Singles from Goldfish
- "Business Merger" Released: October 3, 2025; "Celebration Moments" Released: October 17, 2025;

= Goldfish (Hit-Boy and the Alchemist album) =

2025 collaborative album by Hit-Boy and the Alchemist

Goldfish (stylized in all caps) is a collaborative studio album by American record producers and rappers Hit-Boy and the Alchemist. It was released on October 24, 2025, through Surf Club, ALC Records, and Empire Distribution. Goldfish is the duo's second collaborative album following Blacks & Whites (2024). As the project features both producers rapping, the Alchemist was inspired to rap by Larry June, leading to the duo's first single "Slipping Into Darkness" (2023). Guest appearances include Conway the Machine, Havoc, Boldy James, Jay Worthy, Johnathan Hullet, and Big Hit.

A West Coast hip-hop album recorded in Los Angeles and New York between 2024 and 2025, the duo described the production of Goldfish as relaxed, collaborative, and organic, emphasizing their mutual trust and compromise in making the album successful and cohesive. An accompanying film was conceptualized during the album's production, which was directed by Abteen Bagger.

Goldfish was promoted with two singles, "Business Merger" and "Celebration Moments (featuring Havoc), and previews of the accompanying film in New York City, Los Angeles, and Las Vegas. The album received generally positive reviews from music critics, praising the duo's collaborative effort while both rapping and producing. One critic compared Goldfish to J Dilla and Madlib's Champion Sound (2003).

== Background ==
Hit-Boy first connected with the Alchemist in 2010, when the former emailed beats for rapper Prodigy, who was recently out of prison at the time. One of the beats in the collection included "1 Train" (2013) on ASAP Rocky's debut studio album, Long. Live. ASAP (2013). A decade later, they made their debut collaboration on the single, "Slipping Into Darkness" (2023), where they rap on each other's beats. They collaborated extensively following the single in 2024, releasing the three-track EP, Theodore & Andre, and the album, Black & Whites (2024), with the latter featuring Big-Hit, Hit-Boy's father.

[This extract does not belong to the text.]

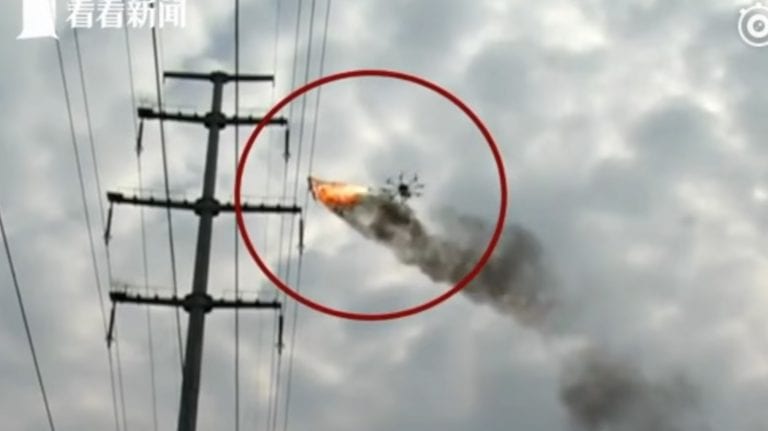 Chinese Company Puts a Flame Thrower on a Drone and It’s Just Beautiful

When the Alchemist was asked by Mackenzie Cummings-Grady of Billboard on what inspired him to get back into rapping, he responded that while he had been writing lyrics with hip-hop duo Gangrene and rapper and record producer Oh No, fellow rapper Larry June inspired him to get back into rapping, leading to the conception of the song "Slipping Into Darkness" (2023). In 2025, the year of the album's release, he worked with music artists Larry June, 2 Chainz, Yasiin Bey, Mobb Deep, Boldy James, Armand Hammer, Erykah Badu, and Freddie Gibbs on various projects.

== Production ==

=== Album ===
Goldfish was recorded in Los Angeles and New York between 2024 and 2025. During a Billboard interview, Hit-Boy stated that the production of the album was organic and collaborative, describing his working relationship with the Alchemist as relaxed. Hit-Boy revealed that hearing the album's finalized mixes influenced his understanding of the project's sound, particularly its warm, vinyl-like quality, as well as being inspired to use this approach into his own work. The Alchemist also emphasized mutual trust and compromise as reasons for the album's success. He commented that putting away individual egos paved way for their distinct styles to merge into a cohesive project.

=== Film ===
The Alchemist stated that the accompanying film developed gradually without an initial plan, evolving into a fully realized film rather than promotional material. He described the production as a learning experience that gave him a greater appreciation for filmmaking and the process behind film production. Hit-Boy was inspired by thefilm concept after seeing the work of its director Abteen Bagheri, particularly his visual effects. The film's production involved a custom-built animatronic dog, with the duo financing some of the production costs from their own resources.

== Composition ==
Goldfish is a West Coast hip-hop album with a running time of forty-nine and fifty-three seconds. The album emphasizes producers Hit-Boy and the Alchemist as rappers who "refuse to treat the mic as a novelty". Guest appearances include Conway the Machine, Havoc, Boldy James, Jay Worthy, Johnathan Hullet, and Big Hit.' The album ranges from introspection on "Celebration Moments" to a focus on bars on "Business Merger", with its themes usually reflecting on logevity, respect, success, and self-worth. Quincy of Ratings Game Music described the album's beats as "glorious, soulful, and impossibly refined."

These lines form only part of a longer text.